Not only then has each man his individual relation to God, but each man has his peculiar relation to God. He is to God a peculiar being, made after his own fashion, and that of no one else; for when he is perfected he shall receive the new name which no one else can understand. Hence he can worship God as no man else can worship him,–can understand God as no man else can understand him. This or that man may understand God more, may understand God better than he, but no other man can understand God as he understands him. God give me grace to be humble before thee, my brother, that I drag not my simulacrum of thee before the judgment-seat of the unjust judge, but look up to thyself for what revelation of God thou and no one else canst give. As the fir-tree lifts up itself with a far different need from the need of the palm-tree, so does each man stand before God, and lift up a different humanity to the common Father. And for each God has a different response. With every man he has a secret–the secret of the new name.

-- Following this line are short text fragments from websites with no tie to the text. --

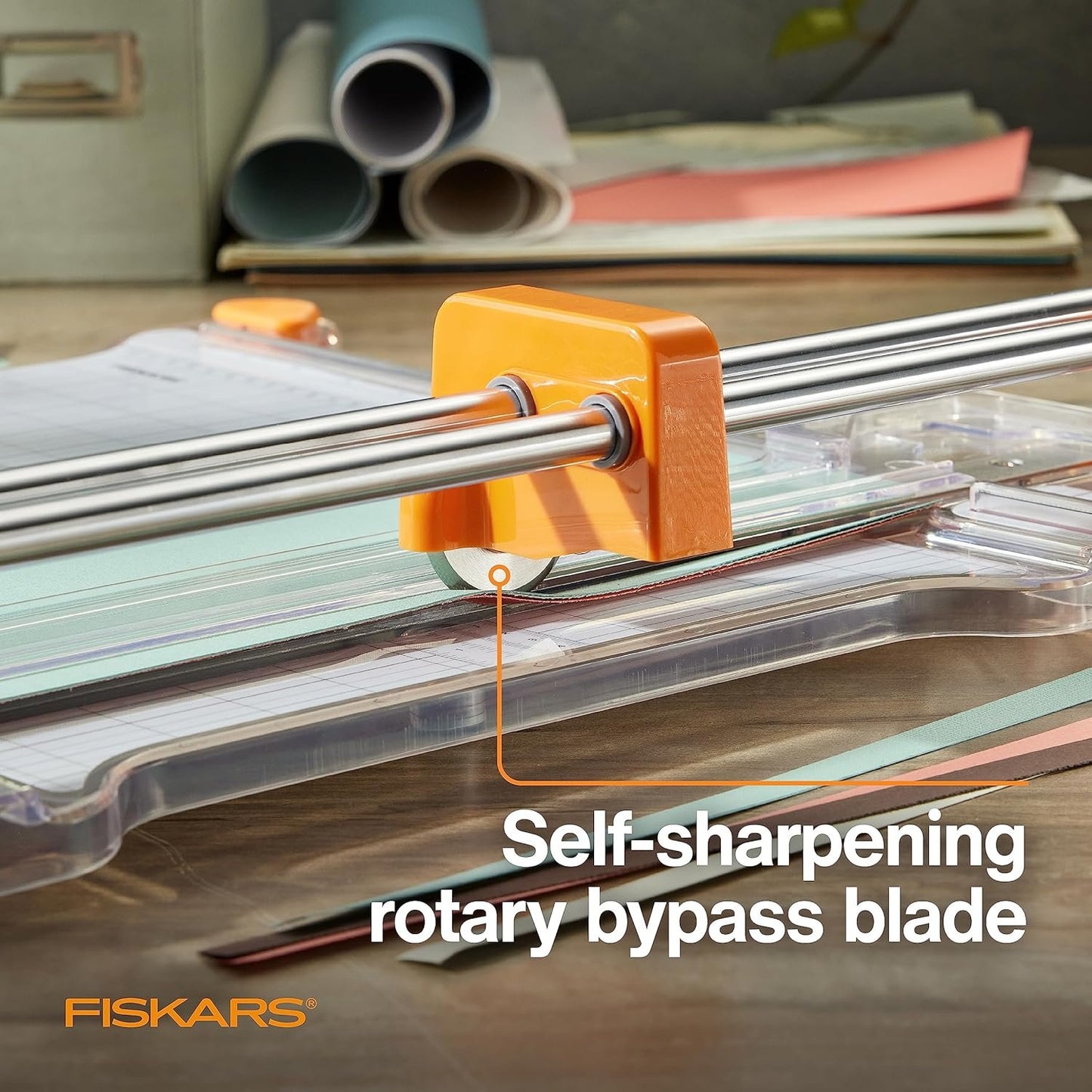 Fiskars ProCision™ Rotary Bypass Paper Trimmer - 12" Cut Length - Craft Paper and Mixed Media Cutter with Grid Lines Orange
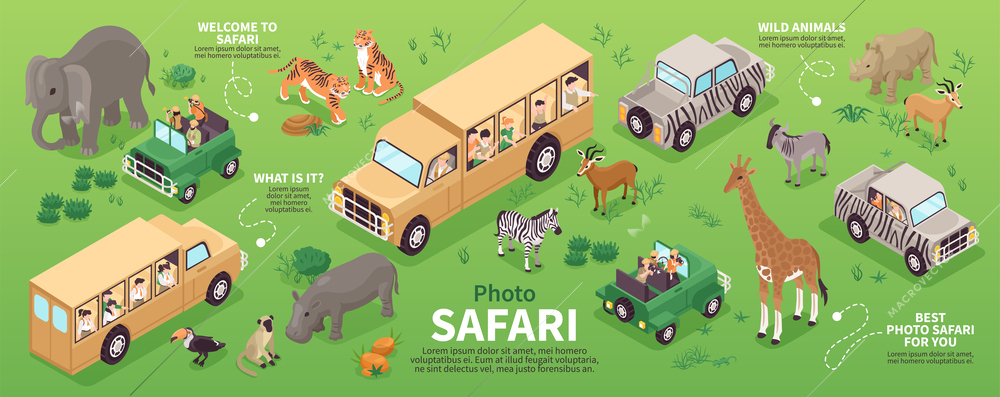 Isometric photo safari concept with people traveling in wild savanna vector illustration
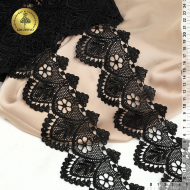 Кружево гипюр KRUZHEVO арт.TR.0736 шир.80мм цв.03 черный уп.9м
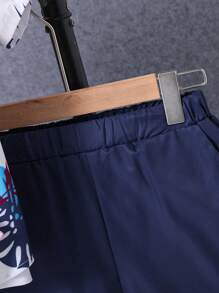 2pcs/Set Tween Boy Casual Leaf Ditsy Floral Turndown Collar Short Sleeve Shacket And Solid Color Shorts Set, Spring/Summer - Royal Blue - View 5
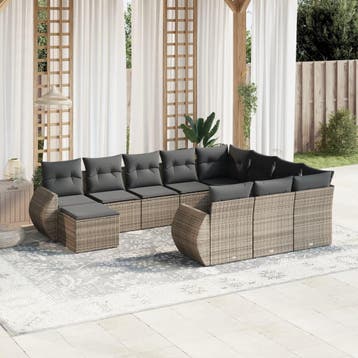 vidaXL 11-delige Loungeset met kussens poly rattan grijs, Tuin en Terras, Tuinsets en Loungesets, Verzenden, Nieuw, Loungeset
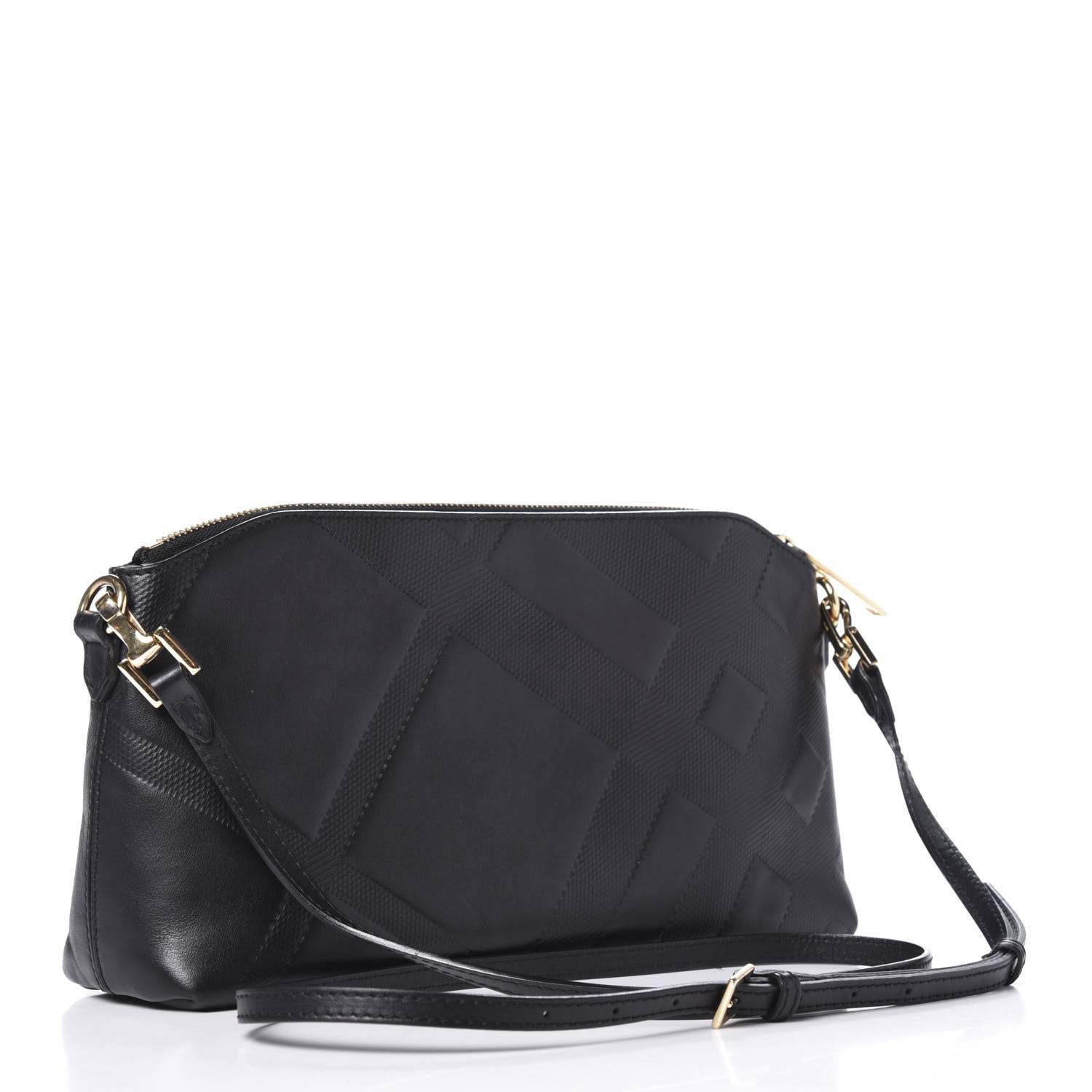 Burberry Calfskin Check Embossed Small Chichester Crossbody Clutch Bag Black 3 of 11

In every man there is a loneliness, an inner chamber of peculiar life into which God only can enter. I say not it is the innermost chamber—but a chamber into which no brother, nay, no sister can come.
From this it follows that there is a chamber also—(O God, humble and accept my speech)—a chamber in God himself, into which none can enter but the one, the individual, the peculiar man,—out of which chamber that man has to bring revelation and strength for his brethren. This is that for which he was made—to reveal the secret things of the Father.
George MacDonald, The New Name, in Unspoken Sermons, First Series (1867).